Set down every record below exactly as written, but leave out the pictures.

[Saved data entries]
========================================
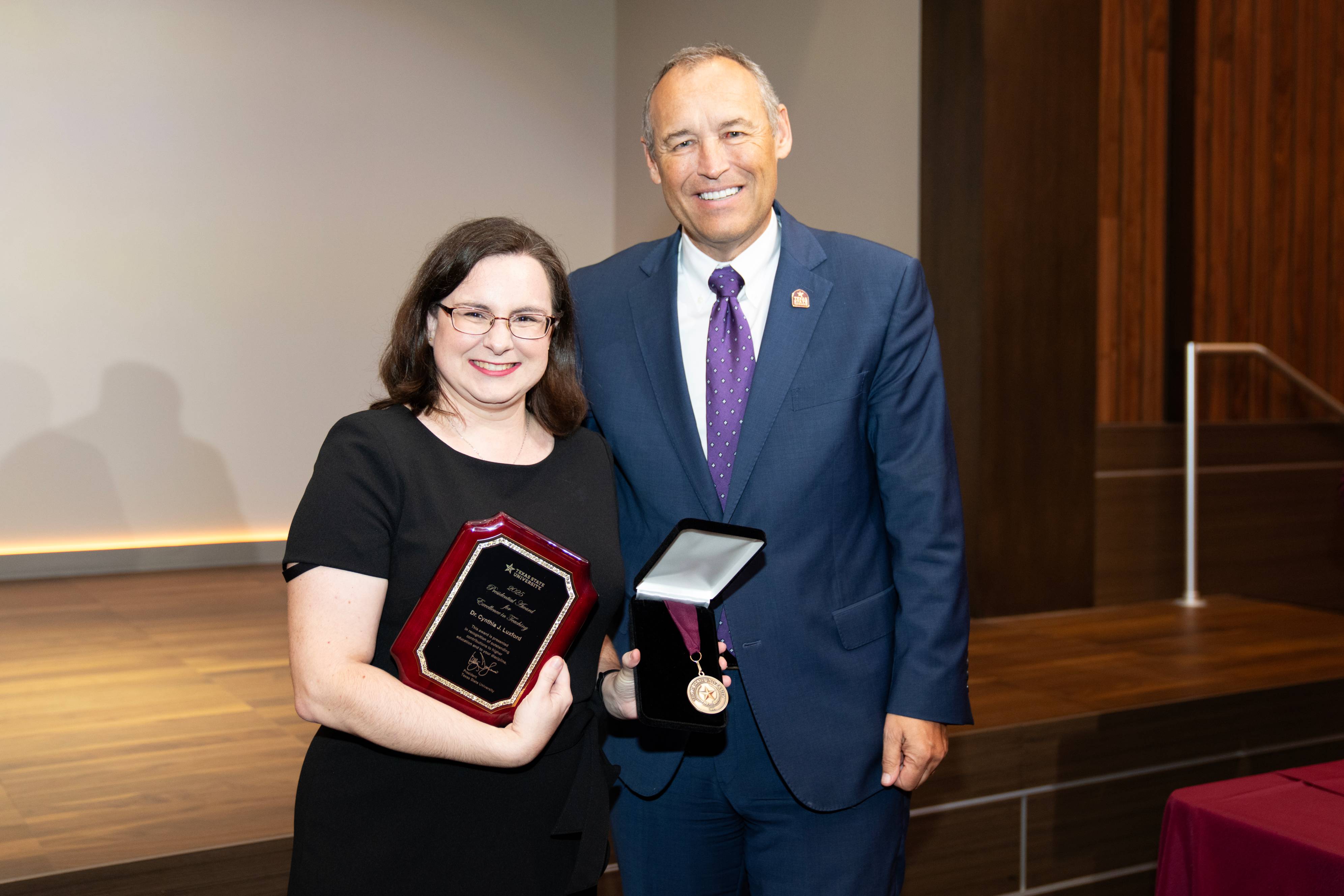  A person in a black dress and glasses holds a plaque with a red cover while standing next to a person in a blue suit, white shirt, and purple tie who holds an open box displaying a medal. Both are smiling and standing on a stage at an awards ceremony.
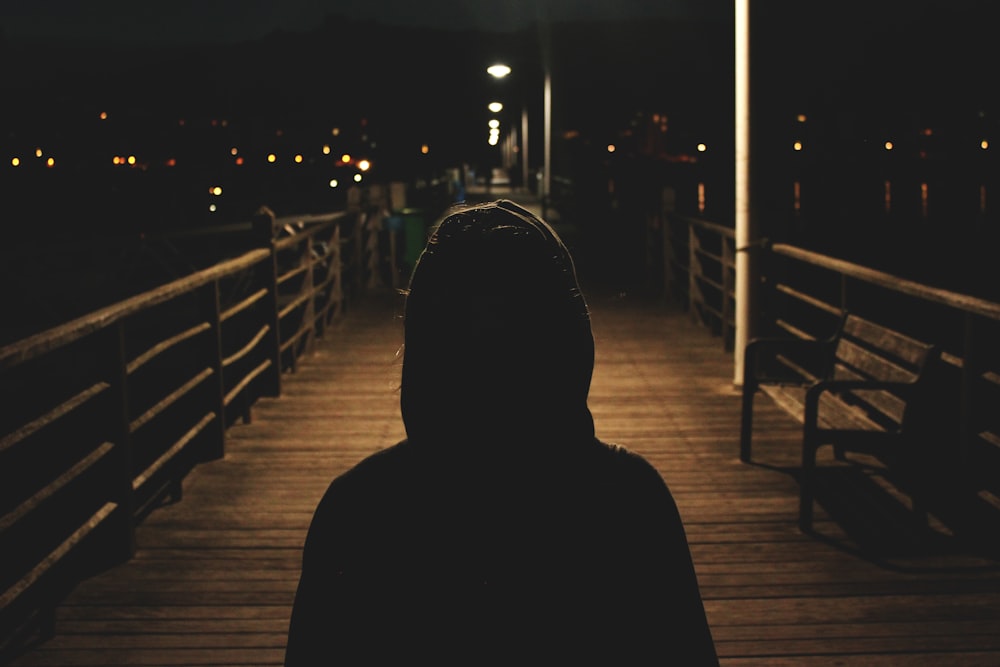 Persona che indossa una giacca con cappuccio che cammina nel ponte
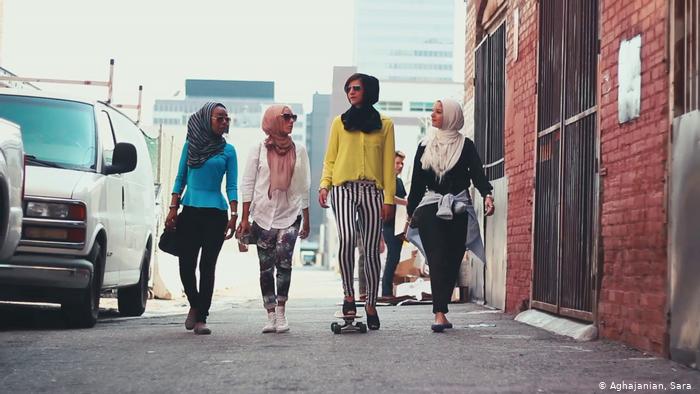 Four young women with headscarves walk along a street (photo: Sara Aghajanian)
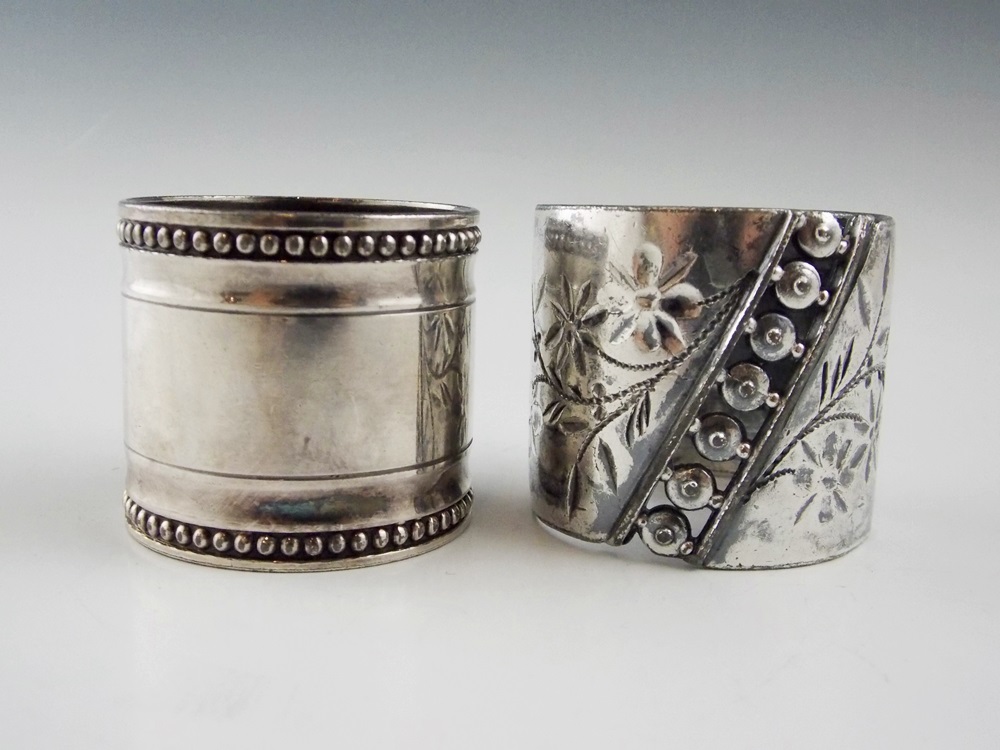 An Elegant Silverplate Bowl with Nine Various Vintage Silverplate Napkin Rings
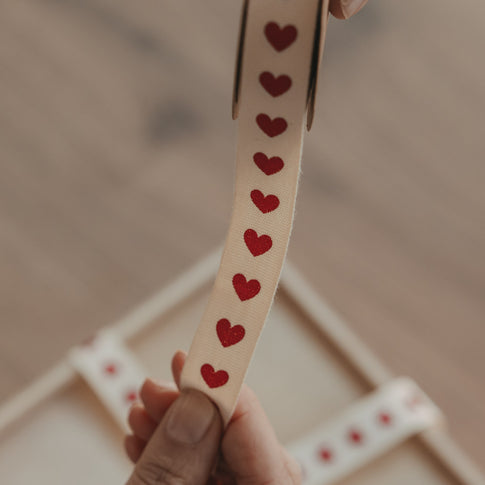 Detailansicht von beigem Geschenkband mit roten Herzen auf einer Rolle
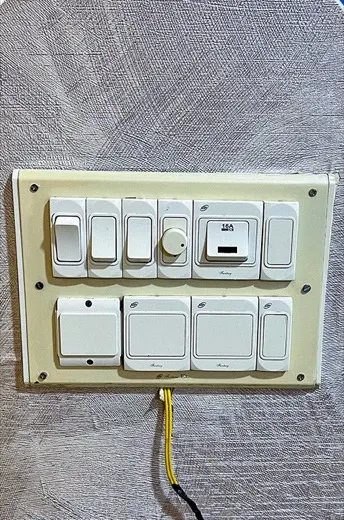 Electrical switchboard with yellowed grimy switch plates before cleaning, and the same switchboard with the plates cleaned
========================================
**Task output**
  A person in a black dress and glasses holds a plaque with a red cover while standing next to a person in a blue suit, white shirt, and purple tie who holds an open box displaying a medal. Both are smiling and standing on a stage at an awards ceremony.
 Persona che indossa una giacca con cappuccio che cammina nel ponte
 Four young women with headscarves walk along a street (photo: Sara Aghajanian)
 An Elegant Silverplate Bowl with Nine Various Vintage Silverplate Napkin Rings
 Detailansicht von beigem Geschenkband mit roten Herzen auf einer Rolle
 Electrical switchboard with yellowed grimy switch plates before cleaning, and the same switchboard with the plates cleaned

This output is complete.